Lower-risk territory is when AI stays internal and low-stakes. Drafting meeting summaries, brainstorming marketing ideas, cleaning up internal documents: all of these carry limited client exposure, provided nothing reaches a customer without a substantive human review. A clear disclaimer on a customer-facing tool also reduces the reasonable-reliance argument, though it does not eliminate it.
One risk that is easy to overlook is internal drift. The NCSC has flagged that staff over-reliance on AI outputs can lead people to treat confident-sounding suggestions as verified fact. A UK consultancy study found that AI tools performing well 18 months ago may be delivering poorer results today without anyone noticing, if performance is not monitored. Wrong advice gets logged, sent, and relied on before anyone catches it.

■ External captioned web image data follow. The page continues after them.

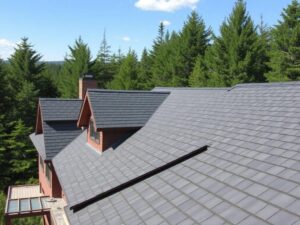 Кровельные решения для домов в лесной зоне: как выбрать надёжную крышу под соснами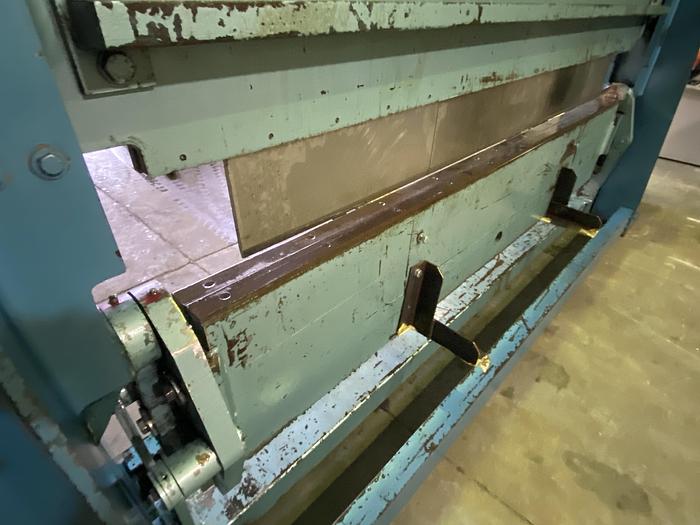 Used Keetona Hydroform   3mm x 2500mm Hydraulic folding machine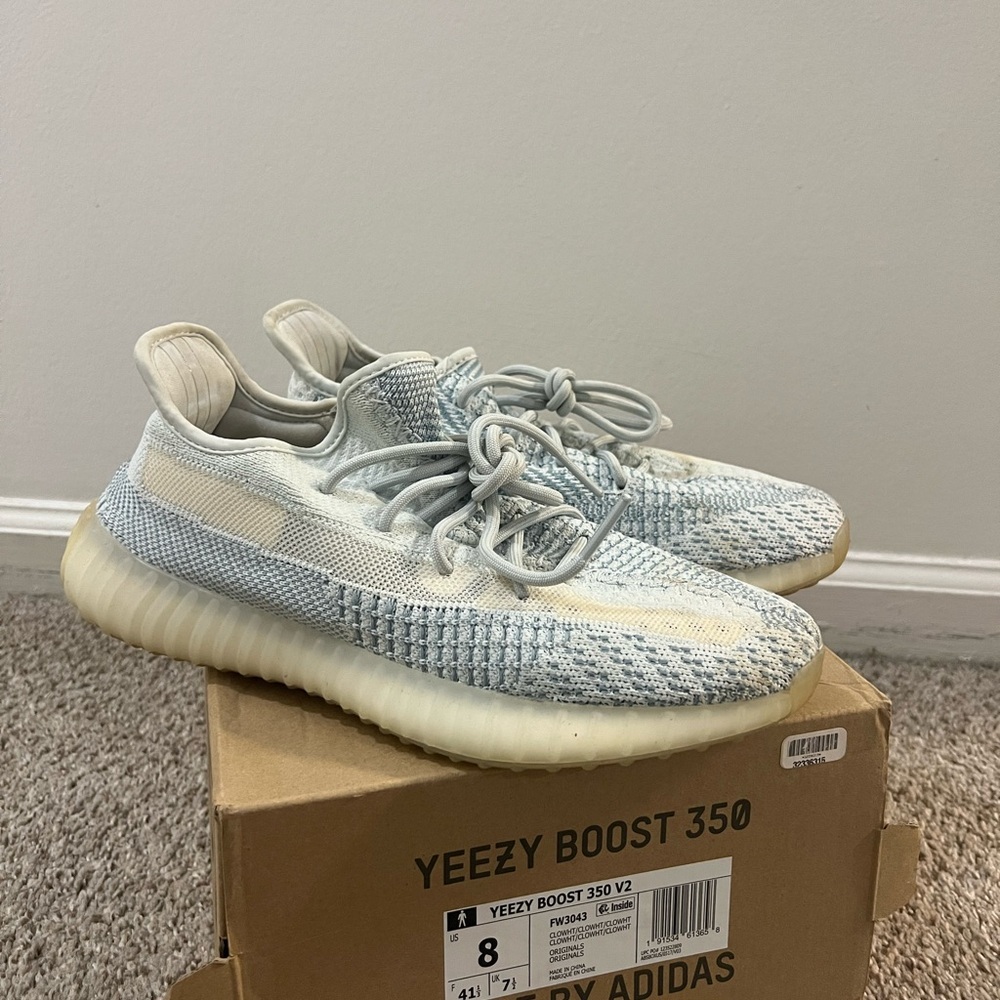 Yeezy Boost 350 V2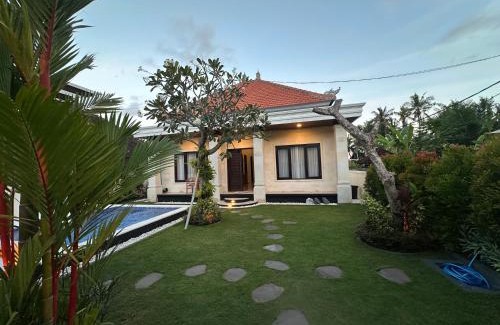 Jasri House | Bali Tropical and Relax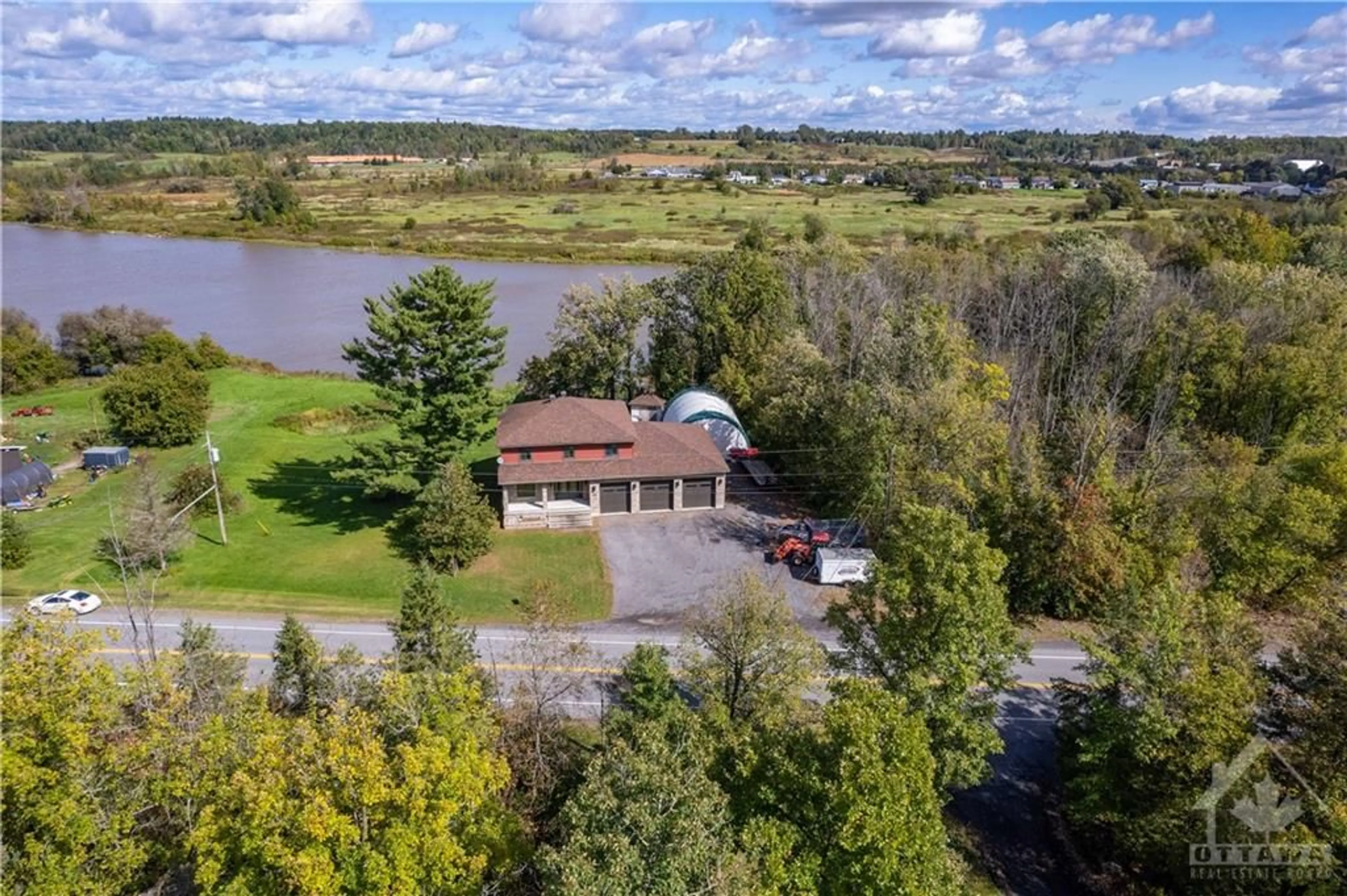 A pic from exterior of the house or condo, cottage for 800 OLD HIGHWAY 17 Rd, Plantagenet Ontario K0B 1L0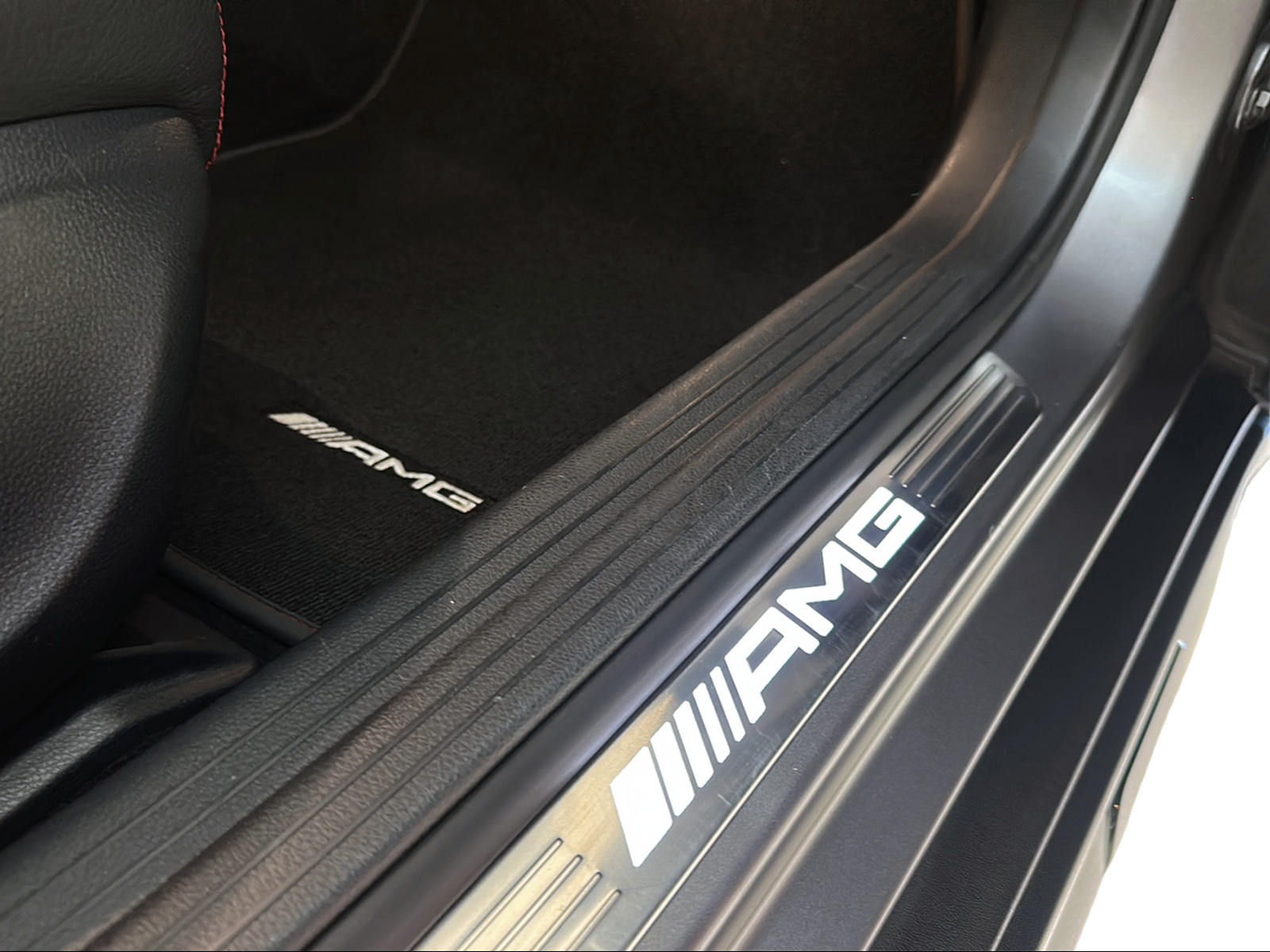 MERCEDES-BENZ GLA 45 AMG 4Matic 7G-DCT-image-25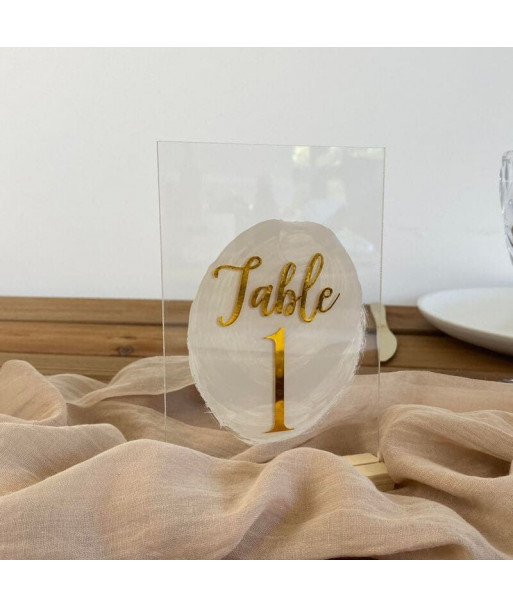 Numéros de table en plexis et bois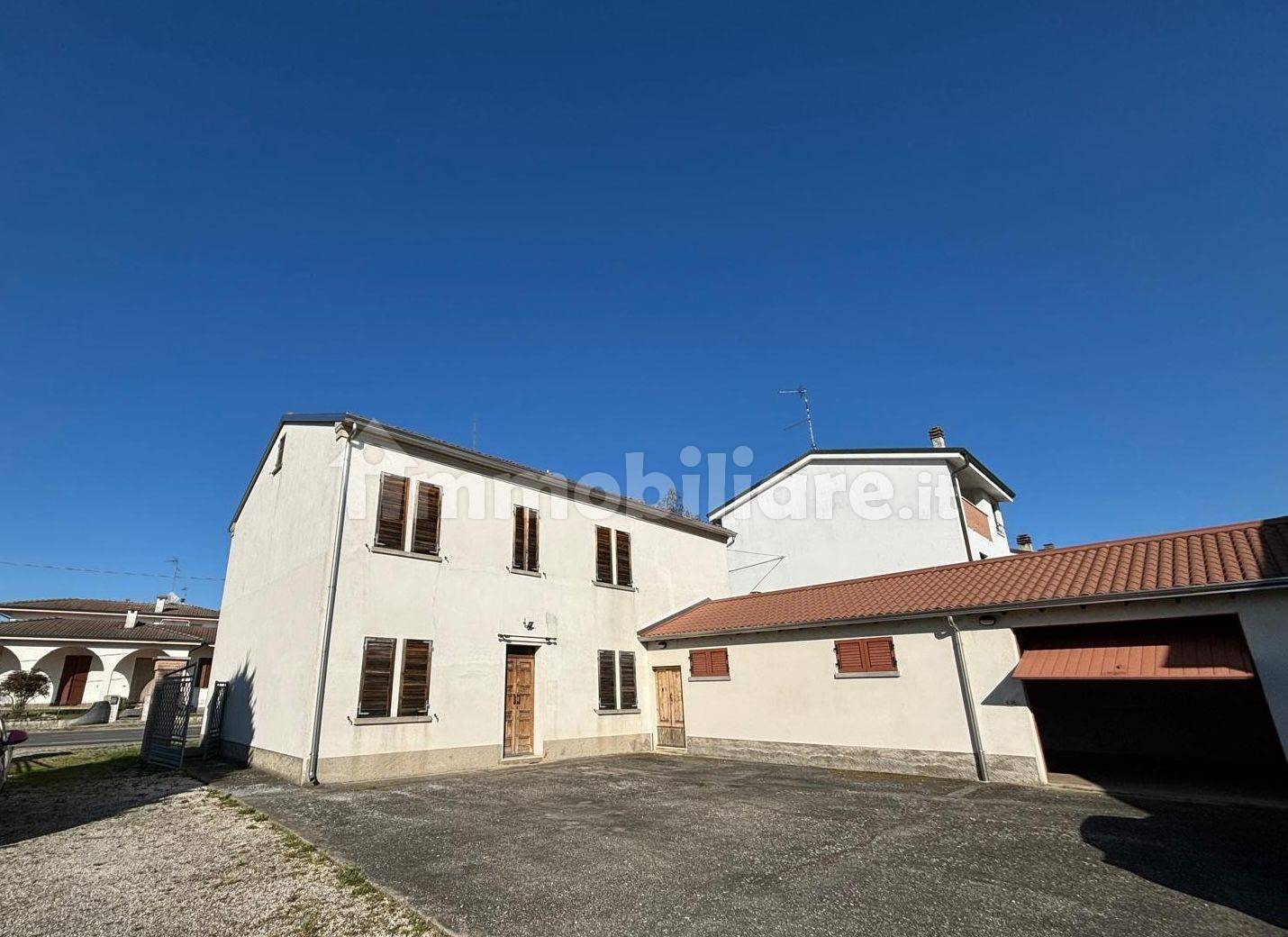 Villa in vendita a Sermide e Felonica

What do you put in place to stay on the right side of this?
You do not need a legal team or an AI governance committee to manage this sensibly. Three things reduce your exposure quickly: a one-page internal policy that names what AI can and cannot draft for clients, a sign-off rule requiring a named person to review AI output before it touches a customer, and a conversation with your insurer about whether professional indemnity and cyber cover extends to AI-related errors.
Red-list the uses where AI should not generate client-facing content without expert review: legal advice, contract clauses, regulatory interpretations, financial or tax advice, and anything that could affect a hiring decision. These need a competent person to own the content, not just approve the layout.
Amber-list where AI can draft but a named team member must review before sending: client emails, proposals, reports, marketing copy. The review should check facts, tone, and whether the promises made are ones you can actually keep.
On data protection, keep personal data out of public AI tools where you can. If your workflow requires it, put a data-processing agreement in place with the provider and verify that data is not used for model training. The ICO is clear that where AI output has a significant effect on an individual, that person must be able to contest the decision and receive an explanation. Getting this wrong is not a minor procedural issue.
On insurance, the conversation with your broker matters. Hiscox UK’s guidance flags that professional indemnity and cyber policies may exclude losses caused by unvetted use of third-party AI tools. That gap is worth closing before something goes wrong, not after.
Firms get into trouble with AI advice across the complexity spectrum. The Air Canada chatbot was handling routine queries. The problem was a working assumption that it probably knew what it was talking about. Checking that assumption takes an afternoon. Replacing a damaged client relationship takes considerably longer.